Perché le pratiche erano ferme: la transizione tra due programmazioni
Il blocco delle istanze, spiega Confagricoltura, è maturato nella fase di passaggio tra il vecchio e il nuovo programma di sviluppo rurale. Un periodo in cui, al di là delle intenzioni politiche, la macchina amministrativa si è scontrata con tempi tecnici: adeguamento degli applicativi, nuovi flussi informatici, strumenti necessari perché Agea potesse procedere ai pagamenti in modo regolare.
Ora che la fase tecnica viene indicata come conclusa, il sistema dovrebbe tornare a funzionare con continuità. Il presidente regionale Luca De Michelis parla di un risultato costruito attraverso interlocuzioni costanti tra Genova e Roma, con il supporto operativo del CAA di Confagricoltura, e sottolinea che le aziende che hanno completato gli investimenti e ricevuto il “disco verde” sulle domande di pagamento potranno contare su liquidazioni imminenti.

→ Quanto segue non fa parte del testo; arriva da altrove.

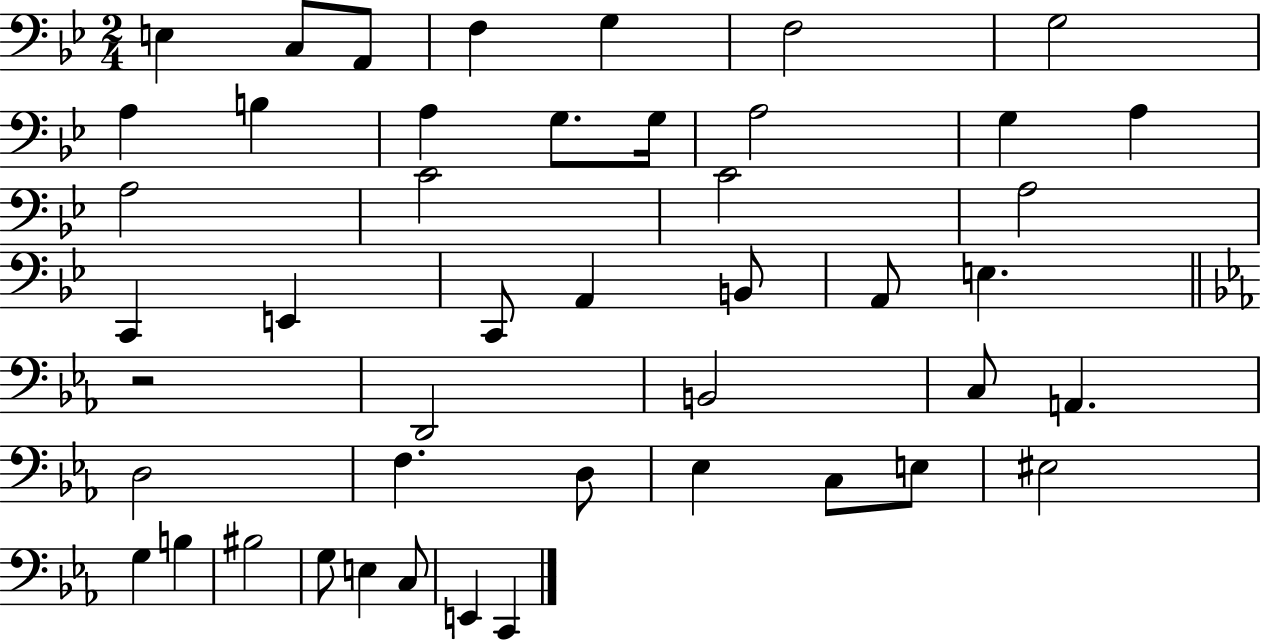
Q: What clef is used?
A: bass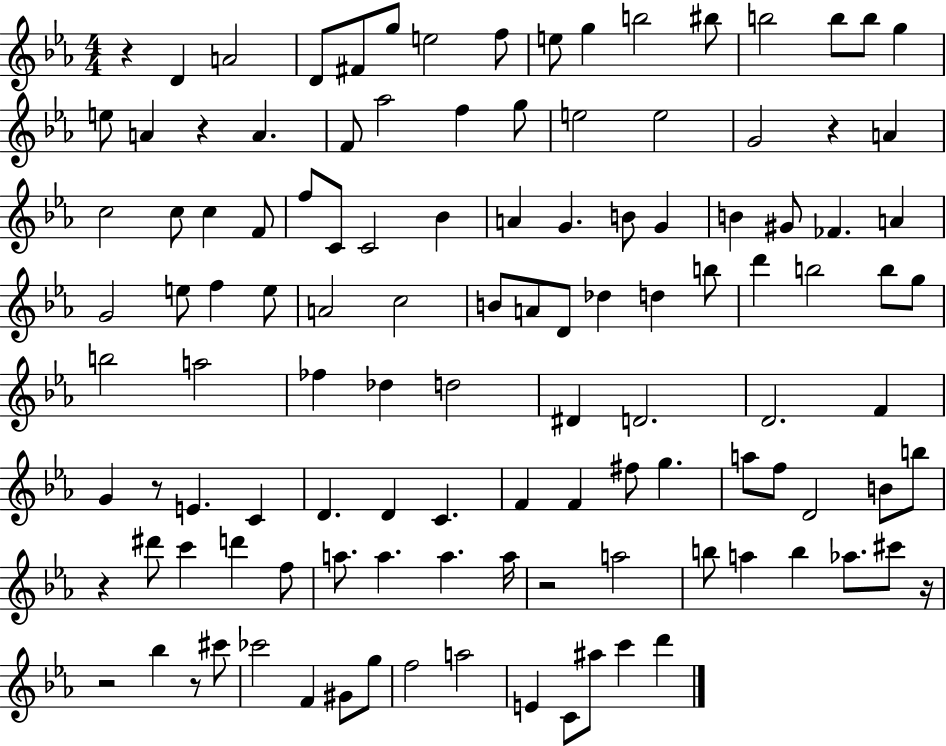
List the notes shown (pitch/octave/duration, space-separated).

R/q D4/q A4/h D4/e F#4/e G5/e E5/h F5/e E5/e G5/q B5/h BIS5/e B5/h B5/e B5/e G5/q E5/e A4/q R/q A4/q. F4/e Ab5/h F5/q G5/e E5/h E5/h G4/h R/q A4/q C5/h C5/e C5/q F4/e F5/e C4/e C4/h Bb4/q A4/q G4/q. B4/e G4/q B4/q G#4/e FES4/q. A4/q G4/h E5/e F5/q E5/e A4/h C5/h B4/e A4/e D4/e Db5/q D5/q B5/e D6/q B5/h B5/e G5/e B5/h A5/h FES5/q Db5/q D5/h D#4/q D4/h. D4/h. F4/q G4/q R/e E4/q. C4/q D4/q. D4/q C4/q. F4/q F4/q F#5/e G5/q. A5/e F5/e D4/h B4/e B5/e R/q D#6/e C6/q D6/q F5/e A5/e. A5/q. A5/q. A5/s R/h A5/h B5/e A5/q B5/q Ab5/e. C#6/e R/s R/h Bb5/q R/e C#6/e CES6/h F4/q G#4/e G5/e F5/h A5/h E4/q C4/e A#5/e C6/q D6/q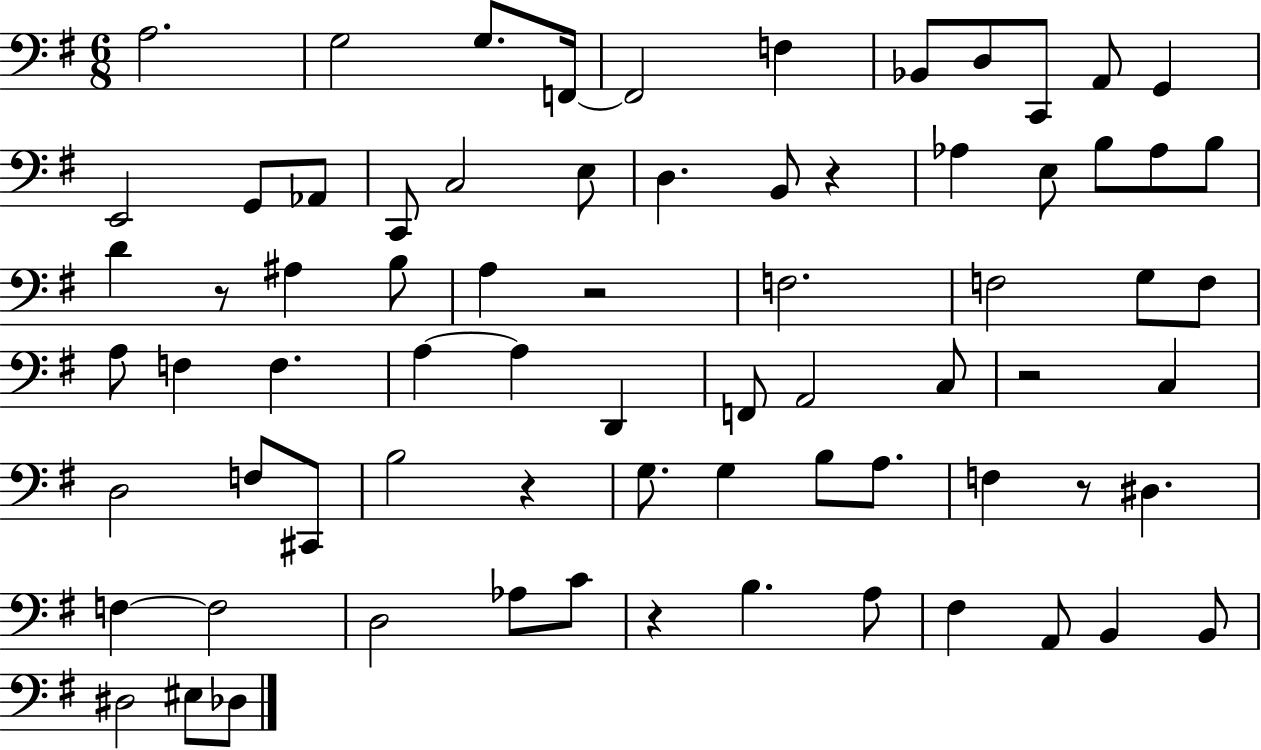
A3/h. G3/h G3/e. F2/s F2/h F3/q Bb2/e D3/e C2/e A2/e G2/q E2/h G2/e Ab2/e C2/e C3/h E3/e D3/q. B2/e R/q Ab3/q E3/e B3/e Ab3/e B3/e D4/q R/e A#3/q B3/e A3/q R/h F3/h. F3/h G3/e F3/e A3/e F3/q F3/q. A3/q A3/q D2/q F2/e A2/h C3/e R/h C3/q D3/h F3/e C#2/e B3/h R/q G3/e. G3/q B3/e A3/e. F3/q R/e D#3/q. F3/q F3/h D3/h Ab3/e C4/e R/q B3/q. A3/e F#3/q A2/e B2/q B2/e D#3/h EIS3/e Db3/e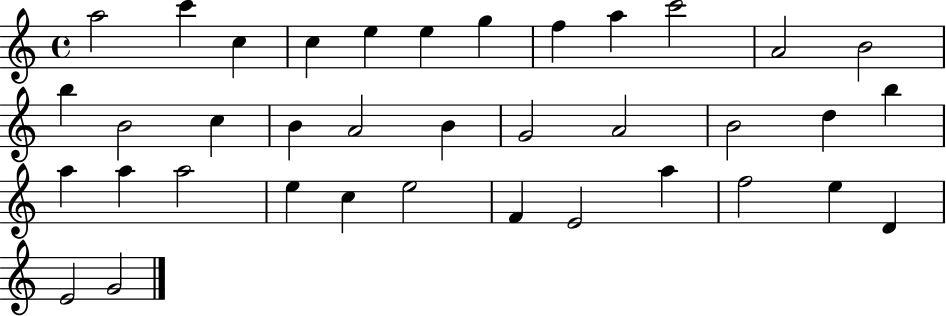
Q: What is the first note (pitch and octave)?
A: A5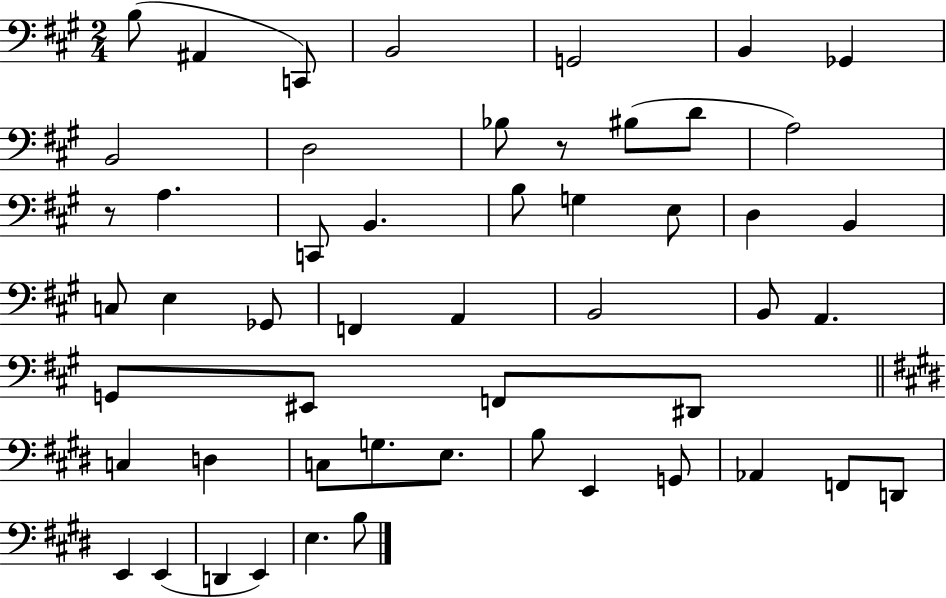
{
  \clef bass
  \numericTimeSignature
  \time 2/4
  \key a \major
  b8( ais,4 c,8) | b,2 | g,2 | b,4 ges,4 | \break b,2 | d2 | bes8 r8 bis8( d'8 | a2) | \break r8 a4. | c,8 b,4. | b8 g4 e8 | d4 b,4 | \break c8 e4 ges,8 | f,4 a,4 | b,2 | b,8 a,4. | \break g,8 eis,8 f,8 dis,8 | \bar "||" \break \key e \major c4 d4 | c8 g8. e8. | b8 e,4 g,8 | aes,4 f,8 d,8 | \break e,4 e,4( | d,4 e,4) | e4. b8 | \bar "|."
}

Un punto cruciale per la Liguria: investimenti più strategici che altrove
Nelle parole di De Michelis c’è un elemento che distingue la Liguria da molte altre regioni: oltre l’80% delle imprese agricole liguri non avrebbe la possibilità di accedere agli aiuti del primo pilastro della PAC. Questo rende le misure dello sviluppo rurale ancora più determinanti, perché gli investimenti aziendali diventano, di fatto, una leva essenziale per restare competitivi e per tenere vivo il presidio agricolo nei territori.
In questo quadro si inserisce anche il ragionamento sul futuro. Il direttore regionale Andrea Sampietro, intervistato dal direttore di Primocanale Matteo Cantile, collega lo sblocco dei pagamenti alla nuova programmazione: Confagricoltura rivendica di aver portato a casa, tramite confronto con la Regione, un rafforzamento delle risorse per alcune linee considerate decisive.
Tra queste, investimenti strutturali, agriturismo (con bando in partenza il 18 marzo), insediamento dei giovani e progetti di ricerca, formazione e informazione. Se i pagamenti arretrati chiudono una stagione faticosa, la vera partita, adesso, è far partire bandi capaci di trasformarsi in cantieri reali e opportunità concrete, senza tornare a impantanarsi nei colli di bottiglia amministrativi.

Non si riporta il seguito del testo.